# train change



## ukjack (Jun 1, 2016)

Hi

We are taking the 449 Boston to Chicago via Albany departs 12.50 arrives Albany 1800 with a one hour change over for the 49 leaving for Chicago at 1905 is this doable.

Thank You

ukjack


----------



## AmtrakBlue (Jun 1, 2016)

It's a guaranteed connection because 449 is really part of 49 once they "connect" in Albany. It used to be that the train cars from 449 were attached to 49's cars, but due to track & station work it is now what's called a cross platform transfer.


----------



## ukjack (Jun 1, 2016)

Thank you, that eases my mind. What is a guaranteed connection I assume it means the other train as to wait.

Thanks again

ukjack


----------



## AmtrakBlue (Jun 1, 2016)

ukjack said:


> Thank you, that eases my mind. What is a guaranteed connection I assume it means the other train as to wait.
> 
> Thanks again
> 
> ukjack


A guaranteed connection is either the next train waits or Amtrak will either bus you to catch up to it or they'll put you up for the night and put you on another train the next day. All depends on timing. The next day's train may not have he same accommodations you reserved - like if you have a roomette reserved and the next day's train's roomettes are already sold out, then you probably will be put in coach.

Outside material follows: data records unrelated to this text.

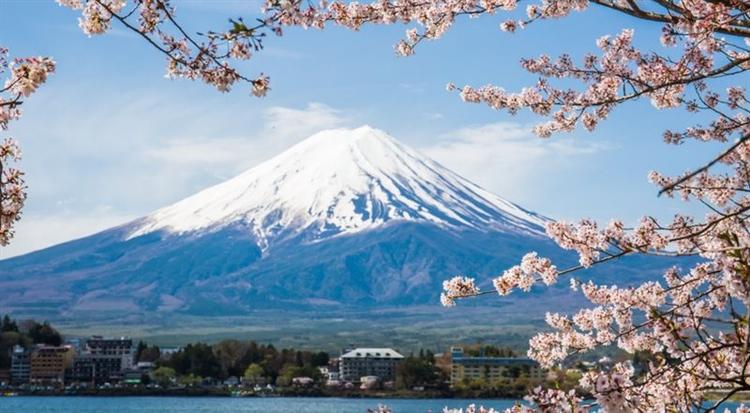 Władze japońskiego miasta Fuji...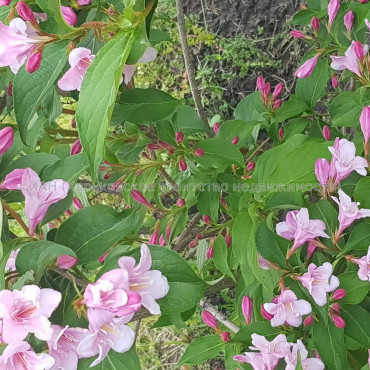 Продам участок, под застройку жилой недвижимости , Харьков , 6 сот.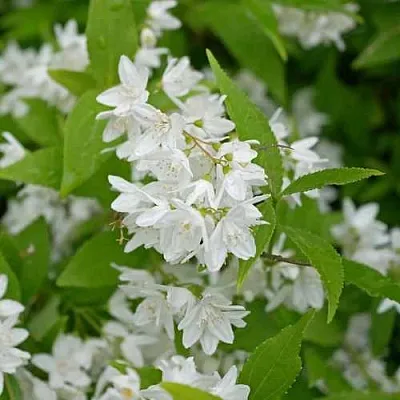 Дейция шершавая  Дейция шершавая в Симферополе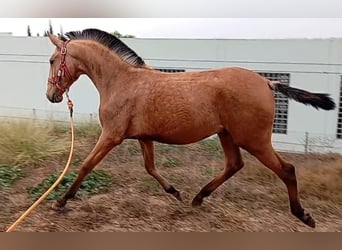 Lusitanien, Étalon, 1 Année, 156 cm, Isabelle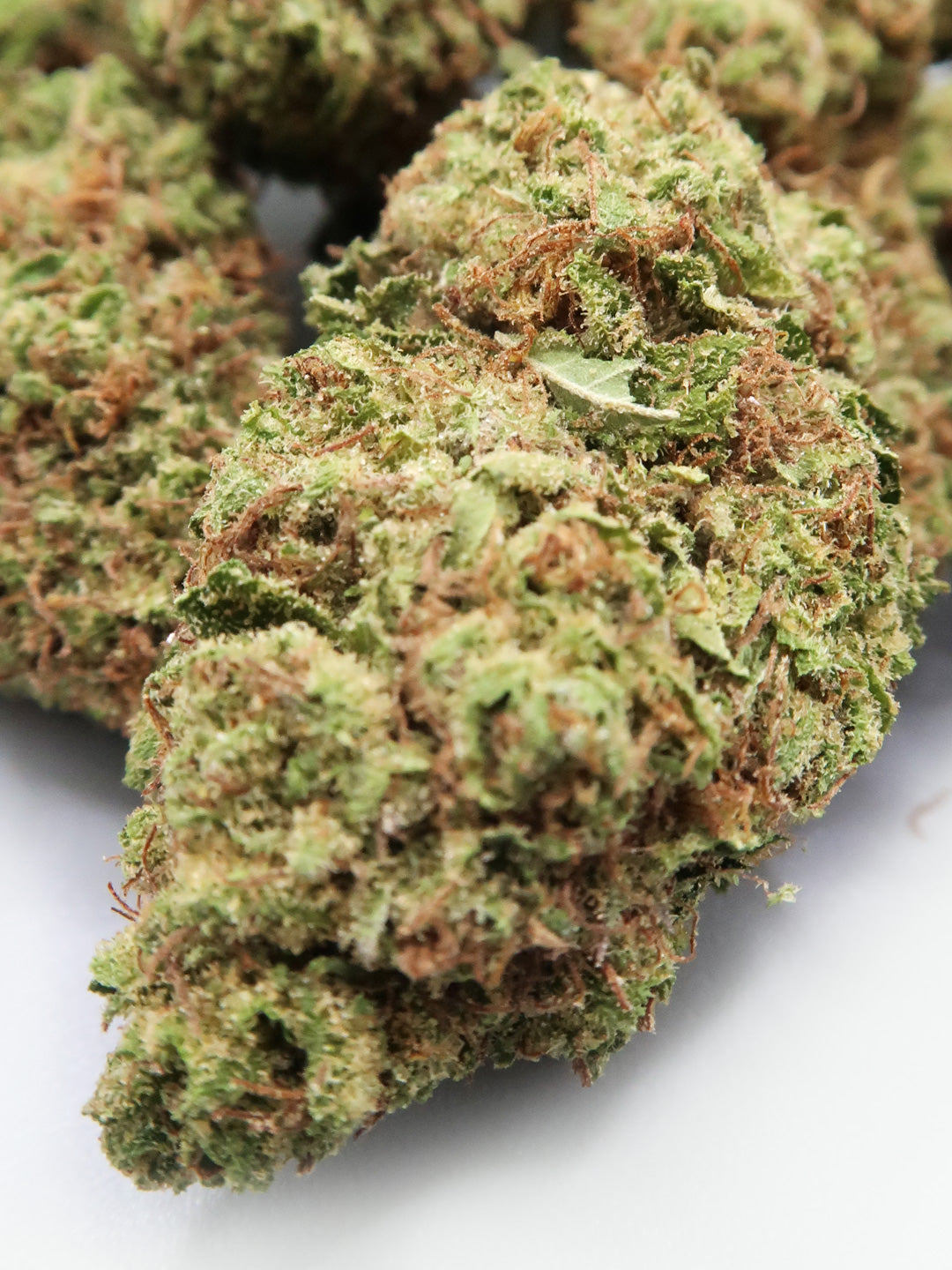 Gelato - Fleur de CBD (8-13% CBD)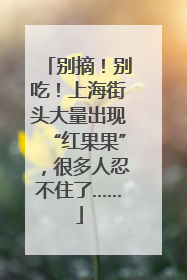 别摘！别吃！上海街头大量出现“红果果”，很多人忍不住了……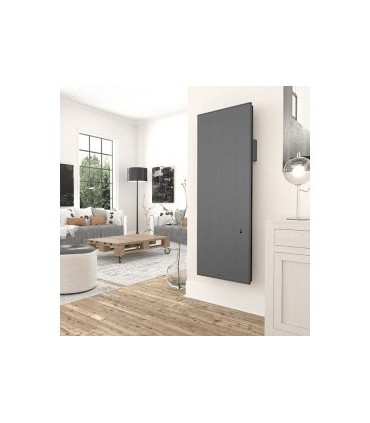Radiateur Chaleur douce Ovation 3 vertical gris ardoise 1500W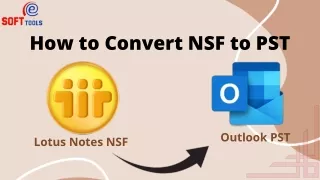 How to Convert NSF to PST?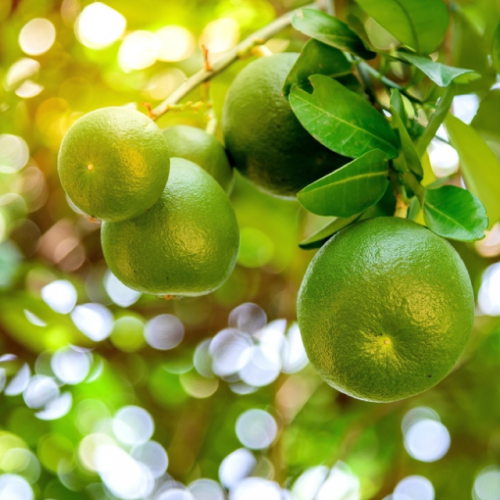 Bưởi đỏ có phun thuốc không?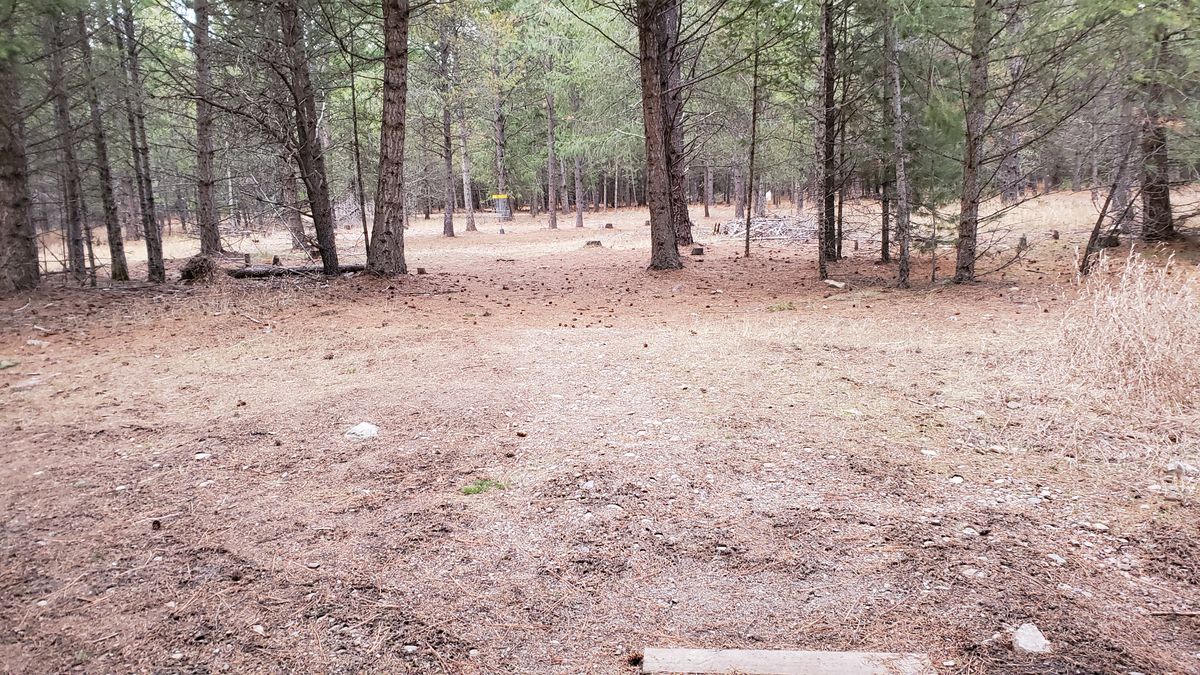 Tee pad hole 11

But with 449/49, 449 should arrive at Albany before 49, but either way, I don't think the train will leave until both trains have arrived at Albany.


----------



## Railroad Bill (Jun 1, 2016)

In most cases it means that if your train is late and the connecting train had to leave without you, Amtrak would do one of several options:

Put you on a bus and make the connection down the line

Put you up in a hotel in the connecting city and make arrangements for you to take the next day's train

Put you on another train that has a similar destination (for us in CLE, they might put us on the LSL if we missed the Cap Ltd out of Chicago)

There are also other options that Amtrak has used in the past that are too numerous to mention.

As Betty said, your 449 to 49 should not be a problem since they had traditionally been the "same train"


----------